▶ [Problem details]:
Pictures stay out of the output. Return exactly the lines below from the one with "Novelty green fish" down to the one with "IMMUNITY BOOSTER EFFERVESCENT", both included, and nothing more.

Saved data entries

*** Begin section ***

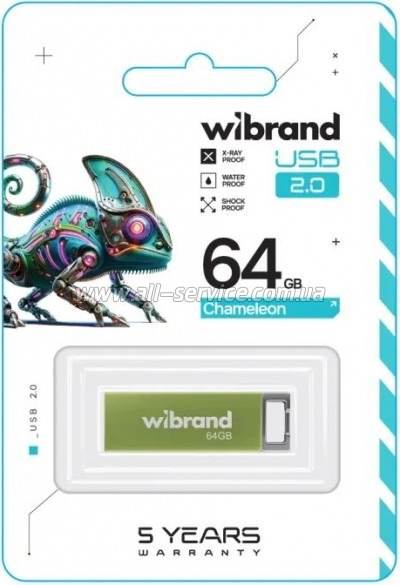  Wibrand 64GB Chameleon Green USB 2.0 (WI2.0/CH64U6LG)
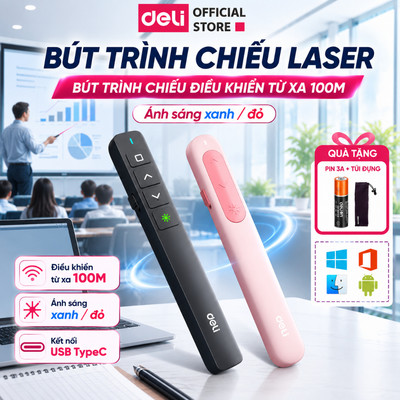 Bút Trình Chiếu DELI Bút Thuyết Trình Powerpoint Laser Điều Khiển Từ Xa 100M Kết Nối USB TypeC Dùng cho Laptop/ Macbook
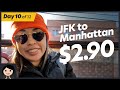 JFK to Manhattan cheapest way possible → Day 10 of 12 Days of Transit Vlogmas 2023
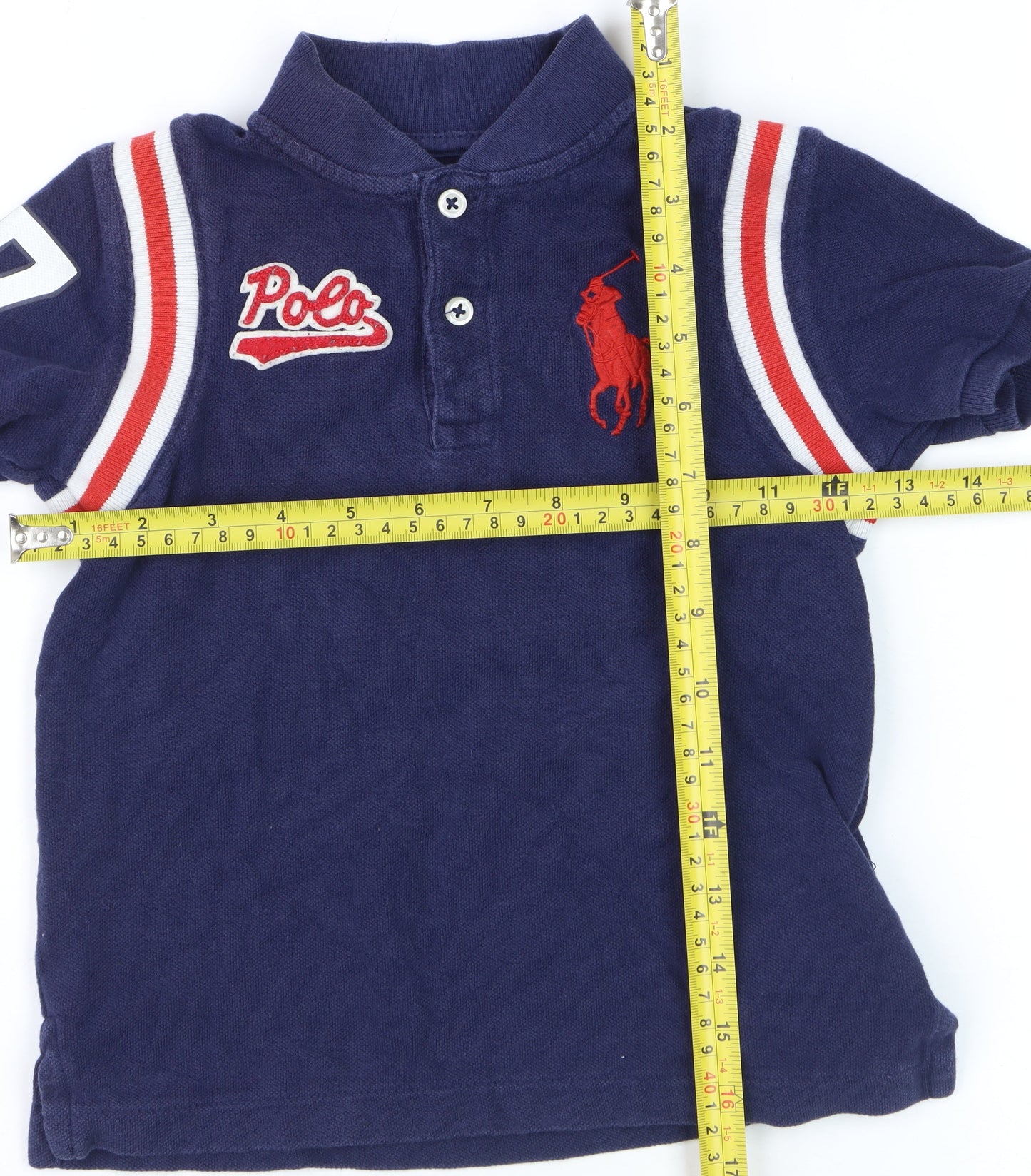 Ralph Lauren Boys Blue Polo Shirt 4 Years Collared Short Sleeve Casual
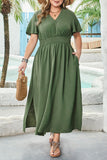 Plus Four Leaf Clover Surplice Neckline Shirred High Waist Maxi Dress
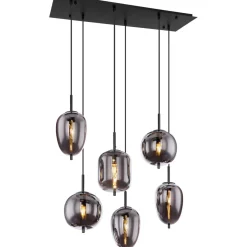 Riippuvalaisin Globo Blacky, 6-osainen, musta/savu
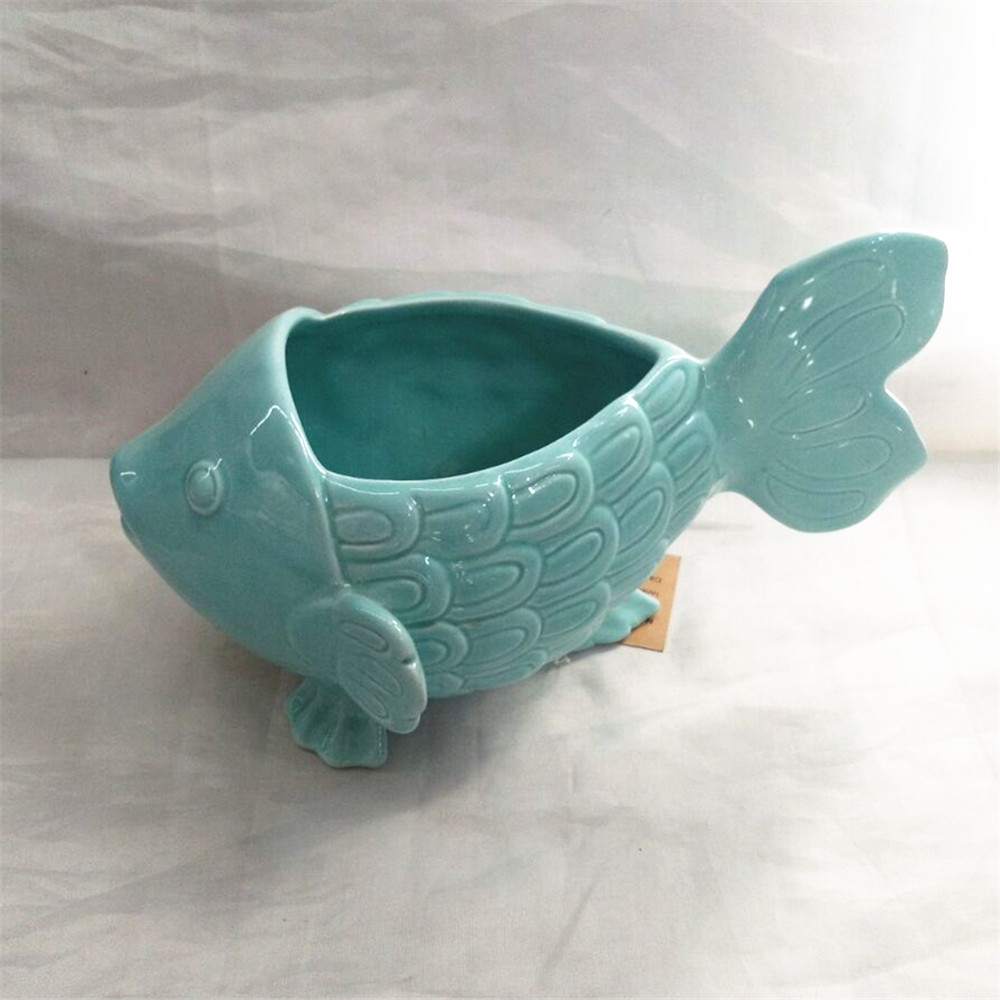 Novelty green fish ceramic  flower pot , succulent pot  custom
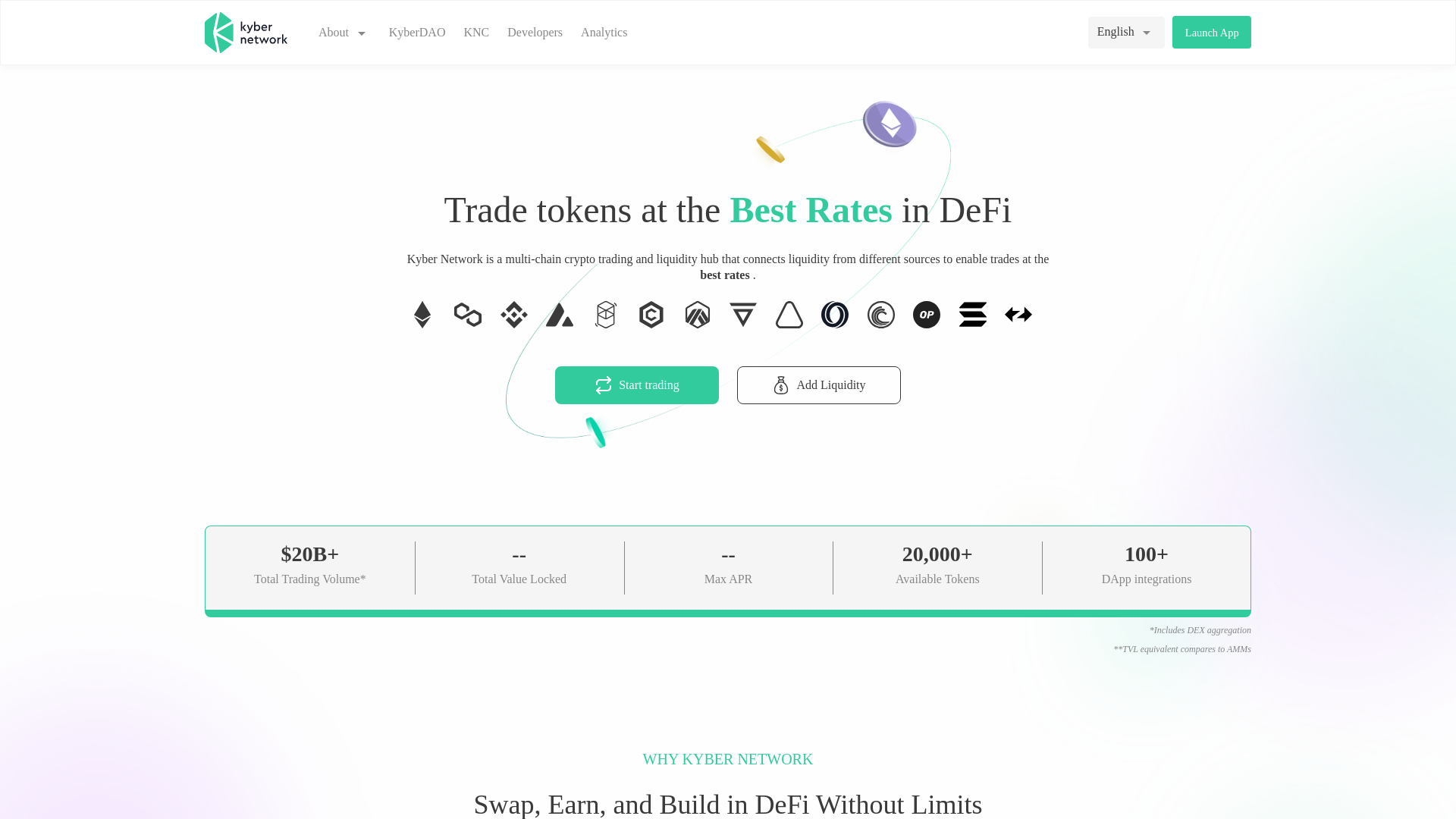 website screenshot of https://kyber.network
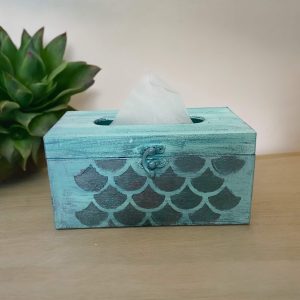 Wooden tissue box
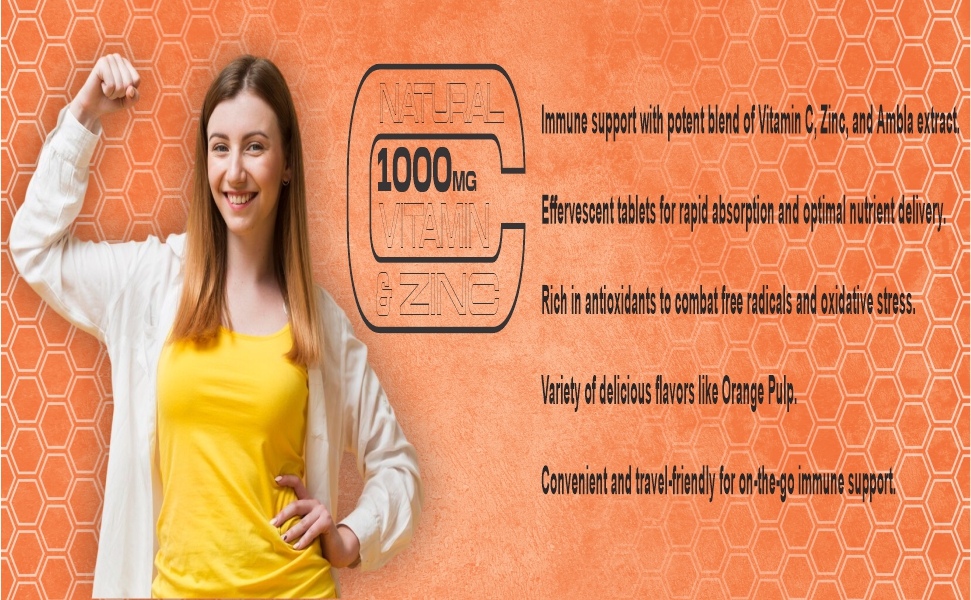 IMMUNITY BOOSTER EFFERVESCENT TABLET | 1000mg Natural Vitamin C & Zinc | Antioxidants Support | Skin Care | No Added Sugar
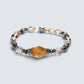 Golden Rutilated Quartz Charm + Hematoid Quartz w/ Sweden Meteorite Bracelet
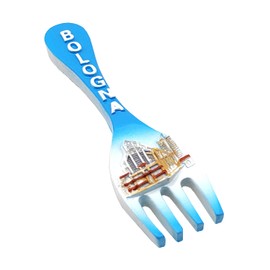 3D Magnet for Vintage Refrigerator Fork Italy Flag, Fridge Magnet, Bologna City Decoration for Magnetic Whiteboard, Home and Kitchen, Office
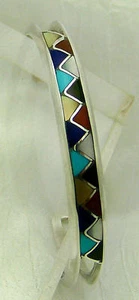 ATEMBERAUBENDES NAVAJO NACHLASS MULTI-STEIN-INLAY STERLINGSILBER MANSCHETTENARMBAND, 6,75" - Bild 1 von 1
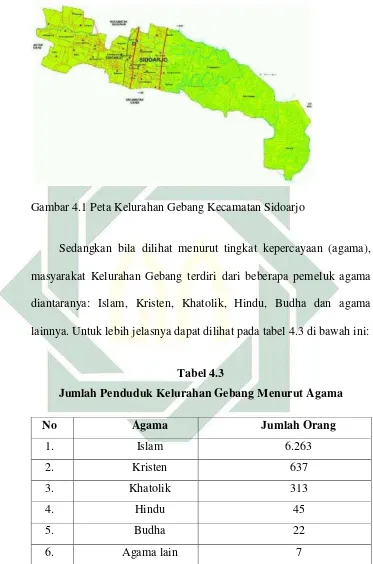 Gambar 4.1 Peta Kelurahan Gebang Kecamatan Sidoarjo 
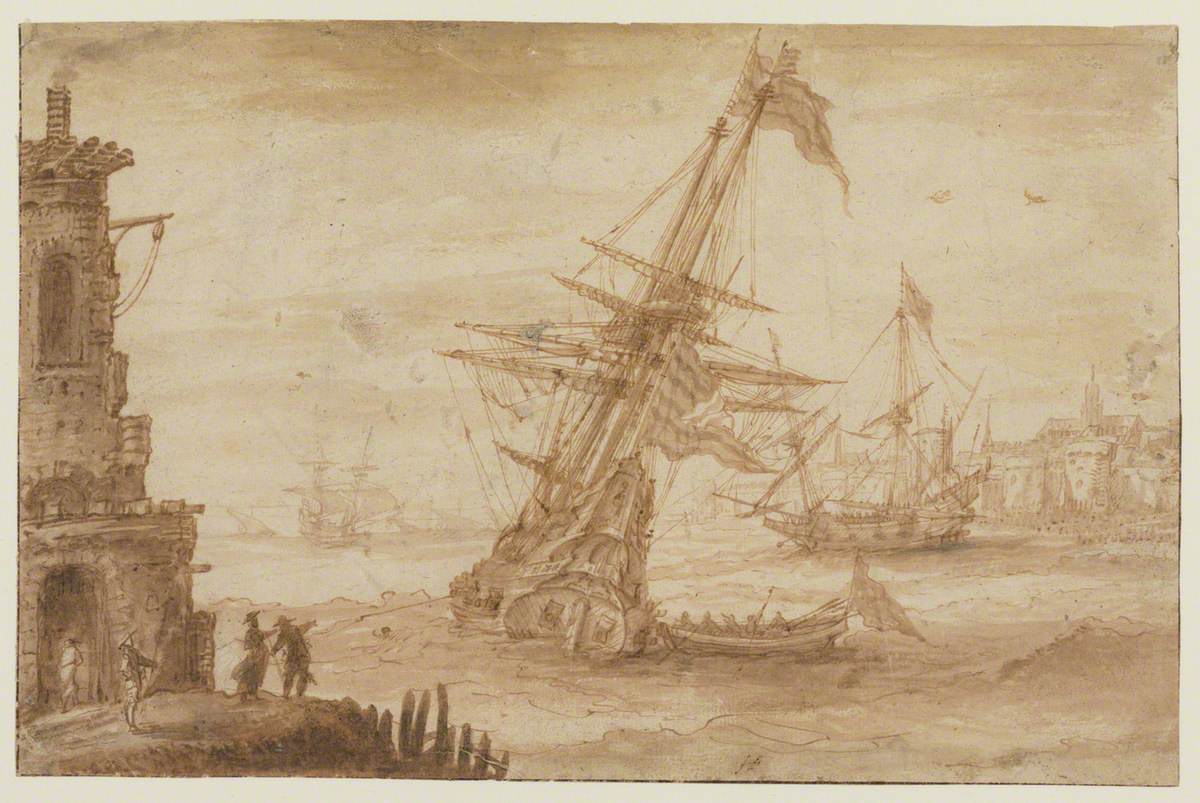 A Harbour Scene with Shipping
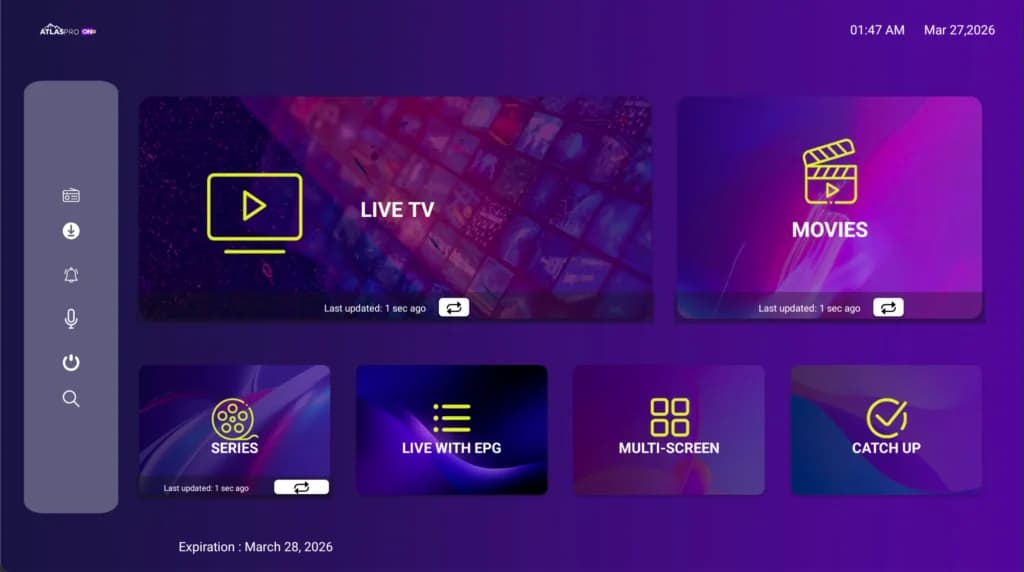 Interface Atlas Pro ONTV : Live TV, films, séries et catch-up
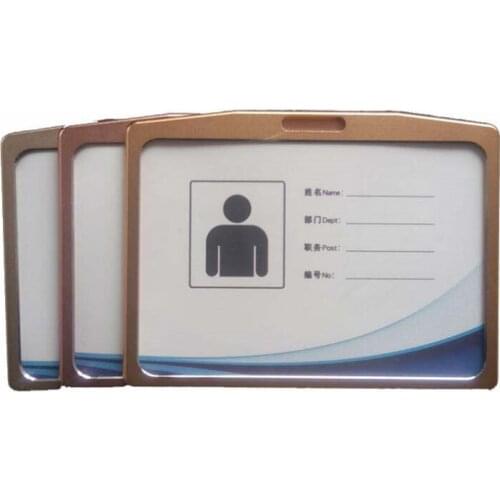 2020 Aluminum Alloy Work Name Card Holders Business Work Card ID Badge Lanyard Holder Hot Vertical Metal ID Business Case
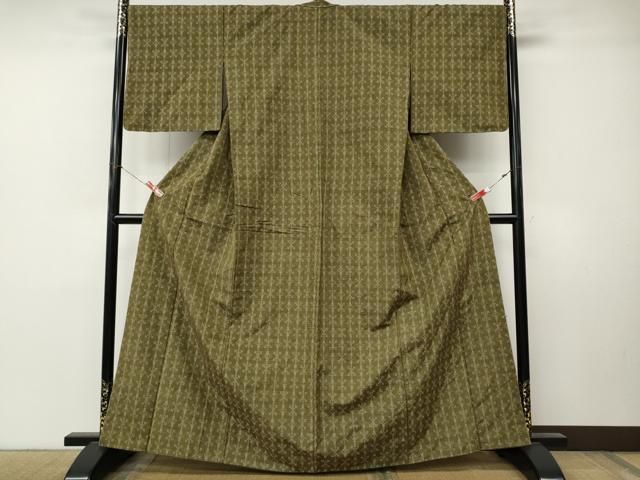 平和屋着物●上質な紬 花織 吉祥間道 正絹 逸品 CABN5027ut
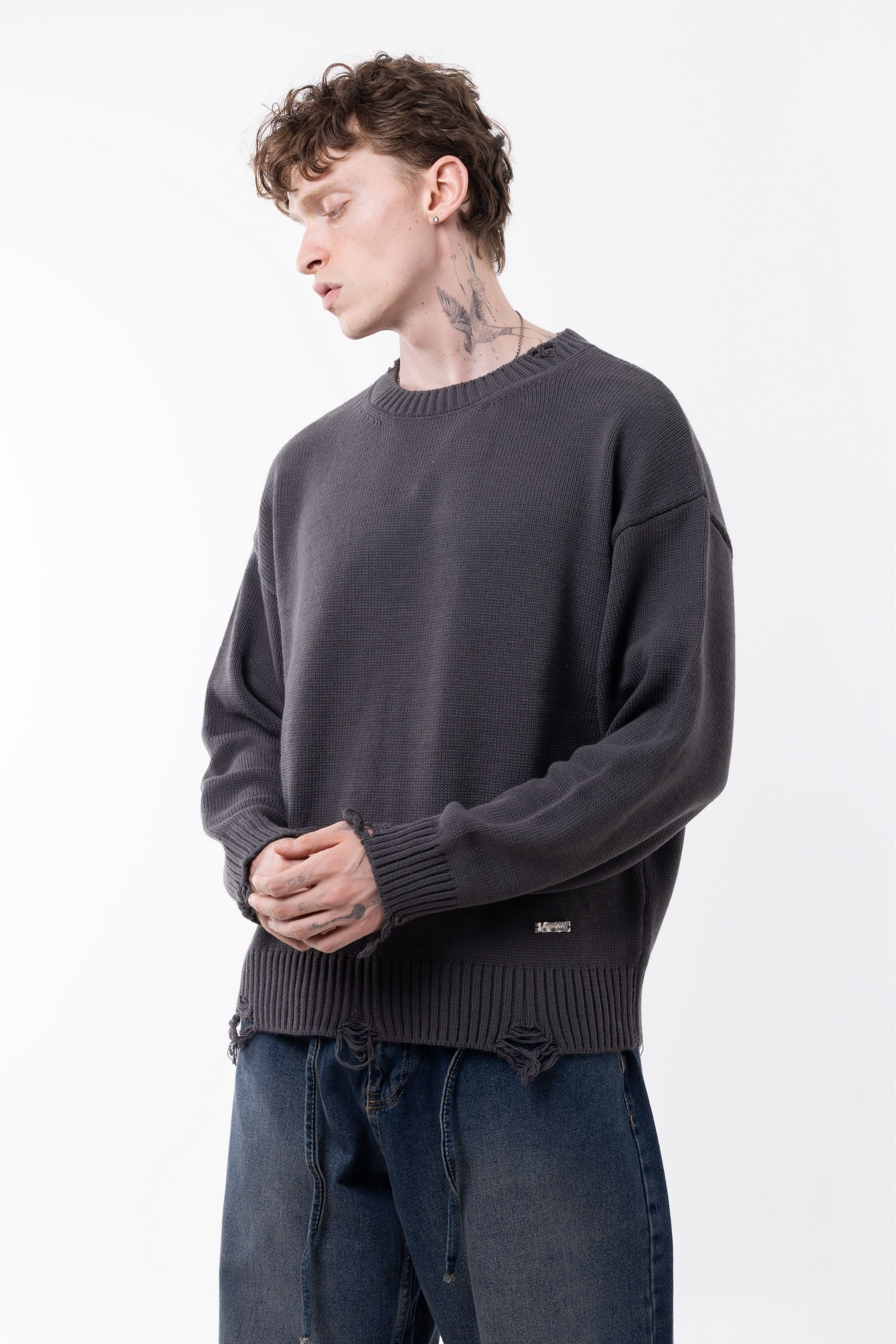 Gray Ripped Detailed Knitwear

*** End section ***

▶ [Written solution]:
 Novelty green fish ceramic  flower pot , succulent pot  custom
 website screenshot of https://kyber.network
 Wooden tissue box
 IMMUNITY BOOSTER EFFERVESCENT TABLET | 1000mg Natural Vitamin C & Zinc | Antioxidants Support | Skin Care | No Added Sugar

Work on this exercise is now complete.